| What to work on |
Copy every line of the records below where the word "Large" occurs.

| Data shown |
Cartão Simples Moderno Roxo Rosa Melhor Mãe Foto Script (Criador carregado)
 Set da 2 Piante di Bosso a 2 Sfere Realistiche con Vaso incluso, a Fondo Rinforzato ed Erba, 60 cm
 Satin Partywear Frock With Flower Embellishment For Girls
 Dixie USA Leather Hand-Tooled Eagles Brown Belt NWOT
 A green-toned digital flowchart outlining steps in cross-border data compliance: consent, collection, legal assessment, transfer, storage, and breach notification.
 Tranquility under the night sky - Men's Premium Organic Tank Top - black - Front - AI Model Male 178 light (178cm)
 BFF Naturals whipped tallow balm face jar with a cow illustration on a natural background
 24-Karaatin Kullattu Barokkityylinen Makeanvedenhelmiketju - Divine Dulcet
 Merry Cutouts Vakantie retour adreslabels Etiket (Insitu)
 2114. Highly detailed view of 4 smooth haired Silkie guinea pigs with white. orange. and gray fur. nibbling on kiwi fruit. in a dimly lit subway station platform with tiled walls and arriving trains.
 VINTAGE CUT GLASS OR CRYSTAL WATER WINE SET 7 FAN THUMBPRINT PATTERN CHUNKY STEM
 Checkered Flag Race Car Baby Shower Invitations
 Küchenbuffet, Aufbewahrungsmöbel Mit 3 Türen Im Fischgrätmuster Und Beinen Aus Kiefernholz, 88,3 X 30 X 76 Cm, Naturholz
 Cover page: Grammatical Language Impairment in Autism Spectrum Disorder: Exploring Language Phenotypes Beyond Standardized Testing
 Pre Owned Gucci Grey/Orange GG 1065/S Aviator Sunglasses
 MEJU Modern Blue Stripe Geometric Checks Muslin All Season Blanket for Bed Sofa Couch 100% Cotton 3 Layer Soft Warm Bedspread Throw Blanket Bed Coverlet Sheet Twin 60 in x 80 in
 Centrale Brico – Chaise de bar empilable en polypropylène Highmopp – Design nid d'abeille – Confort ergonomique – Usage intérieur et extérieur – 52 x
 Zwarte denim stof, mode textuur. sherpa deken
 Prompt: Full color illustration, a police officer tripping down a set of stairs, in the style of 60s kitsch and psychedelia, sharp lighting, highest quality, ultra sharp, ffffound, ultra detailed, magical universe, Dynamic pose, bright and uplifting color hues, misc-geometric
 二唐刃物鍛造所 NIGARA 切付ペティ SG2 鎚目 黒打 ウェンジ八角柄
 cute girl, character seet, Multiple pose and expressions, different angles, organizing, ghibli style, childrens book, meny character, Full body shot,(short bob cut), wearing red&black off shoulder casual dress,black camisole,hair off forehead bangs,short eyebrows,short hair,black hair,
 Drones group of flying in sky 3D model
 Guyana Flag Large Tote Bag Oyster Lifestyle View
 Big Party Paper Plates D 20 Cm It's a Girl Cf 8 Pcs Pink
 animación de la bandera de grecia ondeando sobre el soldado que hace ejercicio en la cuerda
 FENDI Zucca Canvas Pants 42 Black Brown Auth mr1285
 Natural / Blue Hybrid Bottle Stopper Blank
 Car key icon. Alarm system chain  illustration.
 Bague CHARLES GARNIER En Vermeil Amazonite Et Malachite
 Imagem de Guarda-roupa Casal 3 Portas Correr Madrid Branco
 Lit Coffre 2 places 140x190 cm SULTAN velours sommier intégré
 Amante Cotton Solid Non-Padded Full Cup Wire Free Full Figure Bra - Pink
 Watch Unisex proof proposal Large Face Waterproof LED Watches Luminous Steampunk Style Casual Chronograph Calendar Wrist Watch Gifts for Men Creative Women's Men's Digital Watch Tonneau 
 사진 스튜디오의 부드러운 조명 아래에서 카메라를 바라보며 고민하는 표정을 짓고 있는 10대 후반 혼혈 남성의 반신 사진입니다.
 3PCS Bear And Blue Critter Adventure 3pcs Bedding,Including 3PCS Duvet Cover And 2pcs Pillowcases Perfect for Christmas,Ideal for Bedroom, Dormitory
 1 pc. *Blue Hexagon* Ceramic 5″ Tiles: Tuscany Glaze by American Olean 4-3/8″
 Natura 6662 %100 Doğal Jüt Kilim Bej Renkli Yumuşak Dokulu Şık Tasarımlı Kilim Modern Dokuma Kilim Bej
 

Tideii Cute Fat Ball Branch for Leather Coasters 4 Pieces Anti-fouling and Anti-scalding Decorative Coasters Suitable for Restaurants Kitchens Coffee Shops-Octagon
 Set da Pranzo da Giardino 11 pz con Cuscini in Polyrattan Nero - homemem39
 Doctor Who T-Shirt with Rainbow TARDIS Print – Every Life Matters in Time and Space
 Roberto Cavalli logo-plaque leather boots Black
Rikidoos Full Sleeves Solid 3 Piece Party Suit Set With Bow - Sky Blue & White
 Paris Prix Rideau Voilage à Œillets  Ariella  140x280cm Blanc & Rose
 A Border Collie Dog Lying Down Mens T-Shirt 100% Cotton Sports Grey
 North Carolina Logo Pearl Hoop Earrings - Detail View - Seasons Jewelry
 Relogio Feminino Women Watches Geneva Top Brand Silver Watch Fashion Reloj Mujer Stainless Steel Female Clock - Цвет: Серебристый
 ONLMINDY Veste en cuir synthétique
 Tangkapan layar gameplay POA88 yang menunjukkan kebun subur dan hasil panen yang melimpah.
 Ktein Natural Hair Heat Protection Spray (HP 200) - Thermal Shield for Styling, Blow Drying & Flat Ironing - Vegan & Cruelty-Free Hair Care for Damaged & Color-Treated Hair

| Response to the exercise |
 Guyana Flag Large Tote Bag Oyster Lifestyle View
 Watch Unisex proof proposal Large Face Waterproof LED Watches Luminous Steampunk Style Casual Chronograph Calendar Wrist Watch Gifts for Men Creative Women's Men's Digital Watch Tonneau 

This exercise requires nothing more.